2
$\begingroup$

Using Fermat's Theorem prove if $p$ is prime, prove $1^p + 2^p + 3^p +...+(p-1)^p \equiv 0 \bmod{p}$

The two definitions of Fermat's Little Theorem is $a^p \equiv a \bmod{p}$ and $a^{p-1} \equiv 1 \bmod{p}$ but I don't know how to use this solve the problem

5 Answers 5

4

Since $1^p \equiv 1$, and $2^p \equiv 2$, $\ldots$ $(p-1)^p \equiv p-1$, we have that

$1^p + 2^p + \ldots (p-1)^p \equiv 1 + 2 + \ldots + p-1$

However, we know this sum: $\sum_{i = 1}^{p-1} i = \frac{p (p-1)}{2}$, which for odd primes would be a multiple of $p$, and we are done by reducing modulo $p$, then we only must check the case for $2$, which doesn't hold, and it's awkward...

2

Hint: Use Fermat's theorem for each $k$ ($1\le k\le p-1$) and add all them up. Then use Gauss's formula for the sum $1+2+\cdots +(p-1)$.

1

$1^p + ... + (p-1)^p \equiv 1 + 2 + ... (p-1) \equiv (1 + (p-1)) + (2 + (p-2)) + ... +(\frac{p-1}{2} + \frac{p+1}{2}) \equiv p + ... + p \equiv 0 (\mod p) $

Edit: Assuming p is an odd prime, of course

  • 0
    Because $p$ is odd, that'll be the last two pairs in the sum. Write out some of these sums for various primes and you'll see where it comes from.2012-12-10
0

Before you wonder if you know how to use Fermat's theorem to solve the problem, first wonder if you are able to use Fermat's theorem at all.

There are a lot of things raised to the $p$-th power, and one form of Fermat's theorem tells you something about things raised to the $p$-th power. So you see what Fermat's theorem tells you about them.

You don't do this because you know it will solve the problem: you do this because maybe it will tell you something useful.

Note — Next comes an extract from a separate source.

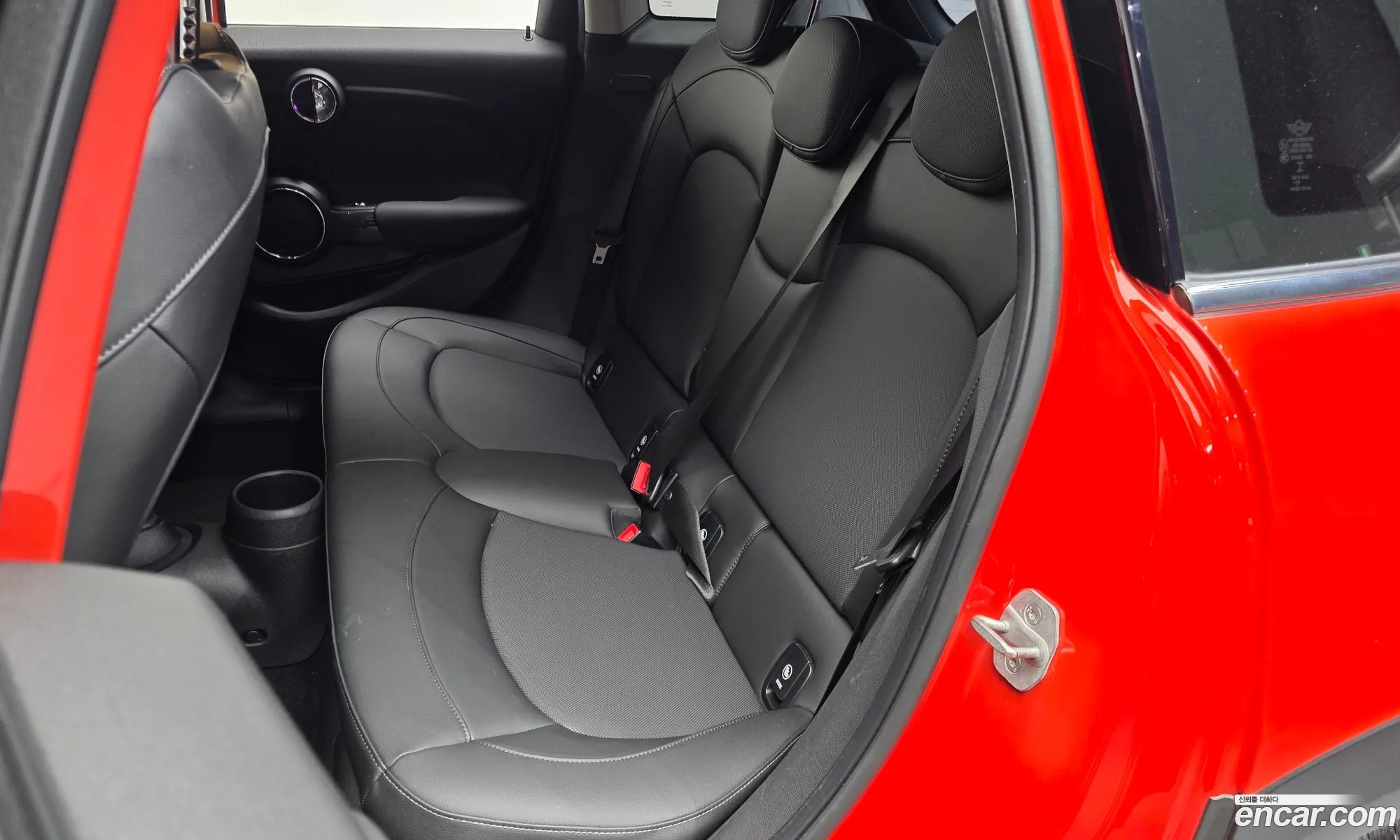 Mini Cooper 2020 — 22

As it turns out, the thing it tells you is that your problem is equivalent to a problem you already know how to solve.

0

There is no need of Fermat's theorem. If $p$ is odd, then $p$ divides $ k^p +(p-k)^p = (k+p-k)\left(k^{p-1}-\ldots+(p-k)^{p-1}\right)=p A, $ hence by collecting the terms of your sum in couples (just like Gauss did when he was five years old in order to prove that $1+2+\ldots+n = \frac{(n+1)n}{2}$) you get that the sum is a multiple of $p$.